Skills England

Agency overview
- Formed: 2025
- Type: Executive agency
- Jurisdiction: England
- Agency executives: Phil Smith, chair; Sir David Bell, vice chair;
- Parent department: Department for Work and Pensions
- Website: https://www.gov.uk/government/organisations/skills-england

= Skills England =

Skills and Training agency in England

Skills England is an executive agency of the Department for Work and Pensions.

==History==
Skills England was first proposed in the 2024 Labour Party manifesto. The main purpose of the agency was to increase flexibility within the skills training area, and to properly cater for skills shortages within regional economies. It would also use the apprenticeships levy more effectively. The stated ambitions were to build world class skills, enabling growth and opportunity, understand the nation’s skills needs and improve the skills offer, simplify access to skills to boost economic growth and to mobilise employers and other partners, co-creating solutions to meet national, regional and local skills needs. The main reason cited for the creation of Skills England was that between 2017 and 2022 skills shortages in the UK doubled to more than half a million, and accounted for 36% of job vacancies.

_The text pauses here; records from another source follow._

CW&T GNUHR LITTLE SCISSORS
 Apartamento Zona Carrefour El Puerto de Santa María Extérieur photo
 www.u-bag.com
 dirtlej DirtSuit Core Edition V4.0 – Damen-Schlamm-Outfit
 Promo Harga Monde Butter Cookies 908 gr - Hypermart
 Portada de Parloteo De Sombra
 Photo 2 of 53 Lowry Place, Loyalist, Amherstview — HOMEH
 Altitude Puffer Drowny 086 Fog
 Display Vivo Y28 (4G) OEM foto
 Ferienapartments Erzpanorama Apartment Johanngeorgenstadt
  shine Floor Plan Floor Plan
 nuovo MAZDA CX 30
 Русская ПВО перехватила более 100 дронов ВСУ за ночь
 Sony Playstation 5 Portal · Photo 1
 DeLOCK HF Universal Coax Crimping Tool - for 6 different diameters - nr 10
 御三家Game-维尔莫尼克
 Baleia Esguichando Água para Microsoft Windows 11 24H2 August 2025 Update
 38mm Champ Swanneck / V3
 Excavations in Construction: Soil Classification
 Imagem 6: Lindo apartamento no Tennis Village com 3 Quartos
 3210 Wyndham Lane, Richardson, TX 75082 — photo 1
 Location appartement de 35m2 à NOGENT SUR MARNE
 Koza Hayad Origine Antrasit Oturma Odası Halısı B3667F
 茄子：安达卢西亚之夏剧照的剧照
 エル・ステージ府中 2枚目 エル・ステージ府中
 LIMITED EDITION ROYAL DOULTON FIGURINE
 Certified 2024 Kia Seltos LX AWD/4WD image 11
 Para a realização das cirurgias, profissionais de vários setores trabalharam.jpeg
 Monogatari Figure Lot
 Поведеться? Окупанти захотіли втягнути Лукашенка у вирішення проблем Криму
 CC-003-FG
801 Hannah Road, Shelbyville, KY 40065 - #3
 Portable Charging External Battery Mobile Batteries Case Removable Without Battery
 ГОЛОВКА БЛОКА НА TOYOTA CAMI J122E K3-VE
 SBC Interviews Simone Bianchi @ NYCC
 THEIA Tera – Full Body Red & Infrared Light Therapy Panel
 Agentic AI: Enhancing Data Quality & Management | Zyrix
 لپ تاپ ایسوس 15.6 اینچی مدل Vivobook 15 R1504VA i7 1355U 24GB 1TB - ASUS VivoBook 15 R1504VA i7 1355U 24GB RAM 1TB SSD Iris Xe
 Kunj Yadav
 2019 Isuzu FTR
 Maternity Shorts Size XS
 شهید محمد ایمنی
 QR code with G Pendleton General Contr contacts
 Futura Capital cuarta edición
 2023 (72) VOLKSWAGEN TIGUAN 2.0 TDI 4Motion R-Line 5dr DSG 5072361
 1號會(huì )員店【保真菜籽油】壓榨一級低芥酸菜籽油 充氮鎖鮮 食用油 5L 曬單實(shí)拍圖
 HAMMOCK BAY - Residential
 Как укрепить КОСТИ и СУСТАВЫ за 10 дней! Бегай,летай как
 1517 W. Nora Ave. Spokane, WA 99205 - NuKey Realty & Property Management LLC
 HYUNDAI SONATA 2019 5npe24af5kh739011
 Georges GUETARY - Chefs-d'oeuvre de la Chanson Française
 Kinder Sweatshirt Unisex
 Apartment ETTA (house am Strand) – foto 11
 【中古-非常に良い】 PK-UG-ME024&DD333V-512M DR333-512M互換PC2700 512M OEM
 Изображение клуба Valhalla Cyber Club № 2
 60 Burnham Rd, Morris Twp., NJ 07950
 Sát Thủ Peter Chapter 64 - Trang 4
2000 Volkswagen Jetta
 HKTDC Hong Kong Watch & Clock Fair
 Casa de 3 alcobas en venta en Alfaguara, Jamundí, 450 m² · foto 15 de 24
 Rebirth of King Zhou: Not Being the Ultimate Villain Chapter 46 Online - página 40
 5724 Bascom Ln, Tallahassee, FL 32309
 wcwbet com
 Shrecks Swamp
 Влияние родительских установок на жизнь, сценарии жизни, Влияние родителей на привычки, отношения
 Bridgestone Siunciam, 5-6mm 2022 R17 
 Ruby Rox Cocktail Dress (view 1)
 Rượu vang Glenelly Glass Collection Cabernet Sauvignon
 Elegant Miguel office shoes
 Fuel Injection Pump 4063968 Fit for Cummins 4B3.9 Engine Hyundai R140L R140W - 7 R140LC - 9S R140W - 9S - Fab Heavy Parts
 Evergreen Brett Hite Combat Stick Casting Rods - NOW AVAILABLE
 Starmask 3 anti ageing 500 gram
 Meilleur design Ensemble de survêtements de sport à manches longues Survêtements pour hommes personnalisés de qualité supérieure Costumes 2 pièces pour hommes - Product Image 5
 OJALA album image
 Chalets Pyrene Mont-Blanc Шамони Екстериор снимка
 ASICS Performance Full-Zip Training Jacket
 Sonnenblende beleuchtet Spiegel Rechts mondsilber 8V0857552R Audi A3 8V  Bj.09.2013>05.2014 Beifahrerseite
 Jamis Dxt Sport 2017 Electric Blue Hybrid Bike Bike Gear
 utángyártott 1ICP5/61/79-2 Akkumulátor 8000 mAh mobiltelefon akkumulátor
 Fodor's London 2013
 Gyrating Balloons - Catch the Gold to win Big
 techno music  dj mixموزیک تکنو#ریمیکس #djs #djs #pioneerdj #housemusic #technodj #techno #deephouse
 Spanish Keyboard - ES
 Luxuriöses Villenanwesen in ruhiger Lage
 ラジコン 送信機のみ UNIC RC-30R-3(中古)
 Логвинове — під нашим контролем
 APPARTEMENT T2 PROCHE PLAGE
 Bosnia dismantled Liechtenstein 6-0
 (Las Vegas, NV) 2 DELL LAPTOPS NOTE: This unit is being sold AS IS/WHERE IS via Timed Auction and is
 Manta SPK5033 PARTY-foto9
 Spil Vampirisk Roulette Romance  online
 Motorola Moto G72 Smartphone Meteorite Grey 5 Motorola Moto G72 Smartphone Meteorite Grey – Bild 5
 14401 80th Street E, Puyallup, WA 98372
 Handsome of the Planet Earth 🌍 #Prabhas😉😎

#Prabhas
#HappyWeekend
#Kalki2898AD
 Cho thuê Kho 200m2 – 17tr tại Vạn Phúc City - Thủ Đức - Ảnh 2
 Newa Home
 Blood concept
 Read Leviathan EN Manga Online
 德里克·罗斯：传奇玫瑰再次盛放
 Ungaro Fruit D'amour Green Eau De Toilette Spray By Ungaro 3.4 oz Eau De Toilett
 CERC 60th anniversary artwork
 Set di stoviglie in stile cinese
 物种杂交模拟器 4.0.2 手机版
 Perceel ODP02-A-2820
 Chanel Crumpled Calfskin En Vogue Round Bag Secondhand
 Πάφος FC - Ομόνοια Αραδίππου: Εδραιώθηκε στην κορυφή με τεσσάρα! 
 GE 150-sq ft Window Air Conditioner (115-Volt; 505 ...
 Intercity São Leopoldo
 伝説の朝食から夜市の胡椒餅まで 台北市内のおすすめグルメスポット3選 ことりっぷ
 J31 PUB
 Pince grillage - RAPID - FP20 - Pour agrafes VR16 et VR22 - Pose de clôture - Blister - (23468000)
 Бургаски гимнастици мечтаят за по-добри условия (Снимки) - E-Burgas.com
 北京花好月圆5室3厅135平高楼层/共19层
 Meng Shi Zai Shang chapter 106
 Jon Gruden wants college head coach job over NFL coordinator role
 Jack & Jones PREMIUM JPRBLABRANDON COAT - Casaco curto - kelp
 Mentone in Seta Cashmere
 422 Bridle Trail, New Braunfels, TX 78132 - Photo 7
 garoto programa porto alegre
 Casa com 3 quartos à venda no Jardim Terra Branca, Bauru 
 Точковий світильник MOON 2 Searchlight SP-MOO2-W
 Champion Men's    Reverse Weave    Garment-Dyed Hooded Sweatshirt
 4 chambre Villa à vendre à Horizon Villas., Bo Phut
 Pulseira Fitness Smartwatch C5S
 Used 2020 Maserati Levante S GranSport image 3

On 22 July 2024, Prime Minister Keir Starmer announced the creation of the body at the Farnborough Airshow, to be rolled out over the following nine months. Skills England was formally established on 2 June 2025 as an executive agency of the Department for Education. It assumed the functions transferred to the Secretary of State from the Institute for Apprenticeships and Technical Education.

In September 2025, the agency transferred to the Department for Work and Pensions, along with responsibility for apprenticeships, adult further education, skills, training and careers.